Exercise directions: Select every line below containing the word "Shoes".

[Crawled caption data]

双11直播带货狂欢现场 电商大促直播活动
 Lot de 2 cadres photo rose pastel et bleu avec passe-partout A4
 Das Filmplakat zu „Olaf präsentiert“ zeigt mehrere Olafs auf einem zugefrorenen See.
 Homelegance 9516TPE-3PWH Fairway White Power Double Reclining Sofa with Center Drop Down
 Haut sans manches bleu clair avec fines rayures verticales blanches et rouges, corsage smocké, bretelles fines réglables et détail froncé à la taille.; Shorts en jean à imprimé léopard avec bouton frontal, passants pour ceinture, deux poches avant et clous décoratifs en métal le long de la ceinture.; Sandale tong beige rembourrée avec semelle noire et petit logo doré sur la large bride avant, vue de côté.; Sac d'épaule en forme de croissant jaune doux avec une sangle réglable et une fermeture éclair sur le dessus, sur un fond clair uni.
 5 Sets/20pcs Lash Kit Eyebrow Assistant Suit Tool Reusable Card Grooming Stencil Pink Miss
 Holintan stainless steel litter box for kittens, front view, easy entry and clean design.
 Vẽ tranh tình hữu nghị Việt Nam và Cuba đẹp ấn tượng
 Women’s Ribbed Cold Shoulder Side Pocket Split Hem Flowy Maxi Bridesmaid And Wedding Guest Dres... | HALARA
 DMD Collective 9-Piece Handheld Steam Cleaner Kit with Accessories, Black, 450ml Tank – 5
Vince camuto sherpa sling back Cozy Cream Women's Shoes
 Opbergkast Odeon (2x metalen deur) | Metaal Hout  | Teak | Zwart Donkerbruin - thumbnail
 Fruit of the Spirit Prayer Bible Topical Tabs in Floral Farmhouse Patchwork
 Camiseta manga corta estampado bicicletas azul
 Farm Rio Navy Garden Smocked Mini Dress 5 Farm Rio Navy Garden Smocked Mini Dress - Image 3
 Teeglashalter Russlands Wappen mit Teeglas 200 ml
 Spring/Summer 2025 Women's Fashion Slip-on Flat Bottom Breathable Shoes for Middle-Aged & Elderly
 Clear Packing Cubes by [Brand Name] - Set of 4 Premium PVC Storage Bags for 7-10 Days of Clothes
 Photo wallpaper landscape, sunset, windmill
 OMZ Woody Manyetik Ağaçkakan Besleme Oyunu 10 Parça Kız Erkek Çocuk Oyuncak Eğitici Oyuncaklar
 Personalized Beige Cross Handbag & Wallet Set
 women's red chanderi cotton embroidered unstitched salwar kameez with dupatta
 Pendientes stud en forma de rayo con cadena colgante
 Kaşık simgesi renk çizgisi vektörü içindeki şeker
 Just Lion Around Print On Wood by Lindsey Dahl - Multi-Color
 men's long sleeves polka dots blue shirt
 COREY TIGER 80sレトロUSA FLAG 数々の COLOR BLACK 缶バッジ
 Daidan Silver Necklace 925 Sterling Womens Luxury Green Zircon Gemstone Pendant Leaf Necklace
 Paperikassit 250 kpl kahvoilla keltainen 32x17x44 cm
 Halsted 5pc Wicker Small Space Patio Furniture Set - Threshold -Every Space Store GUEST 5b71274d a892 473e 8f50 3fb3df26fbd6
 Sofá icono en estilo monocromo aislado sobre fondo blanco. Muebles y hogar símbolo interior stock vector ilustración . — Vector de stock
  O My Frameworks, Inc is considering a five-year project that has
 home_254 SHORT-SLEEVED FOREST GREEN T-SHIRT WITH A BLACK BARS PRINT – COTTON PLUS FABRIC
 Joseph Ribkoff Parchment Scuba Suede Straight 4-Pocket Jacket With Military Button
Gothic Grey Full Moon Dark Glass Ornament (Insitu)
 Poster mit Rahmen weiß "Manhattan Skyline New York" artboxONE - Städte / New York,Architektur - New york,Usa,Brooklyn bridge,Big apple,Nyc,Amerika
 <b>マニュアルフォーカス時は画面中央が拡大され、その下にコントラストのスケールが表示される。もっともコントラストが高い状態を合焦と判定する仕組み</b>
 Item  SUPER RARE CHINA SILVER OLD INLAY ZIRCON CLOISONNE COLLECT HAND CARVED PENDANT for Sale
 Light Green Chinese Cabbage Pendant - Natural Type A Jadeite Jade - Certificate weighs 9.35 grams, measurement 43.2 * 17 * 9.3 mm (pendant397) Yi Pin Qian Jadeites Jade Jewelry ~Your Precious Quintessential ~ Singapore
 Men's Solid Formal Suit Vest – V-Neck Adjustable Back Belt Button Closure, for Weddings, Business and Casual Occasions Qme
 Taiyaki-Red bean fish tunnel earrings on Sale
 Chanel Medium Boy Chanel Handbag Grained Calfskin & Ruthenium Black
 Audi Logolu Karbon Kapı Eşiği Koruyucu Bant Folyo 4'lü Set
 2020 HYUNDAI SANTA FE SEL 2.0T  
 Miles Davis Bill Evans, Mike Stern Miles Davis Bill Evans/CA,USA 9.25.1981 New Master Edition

Output:
Vince camuto sherpa sling back Cozy Cream Women's Shoes
 Spring/Summer 2025 Women's Fashion Slip-on Flat Bottom Breathable Shoes for Middle-Aged & Elderly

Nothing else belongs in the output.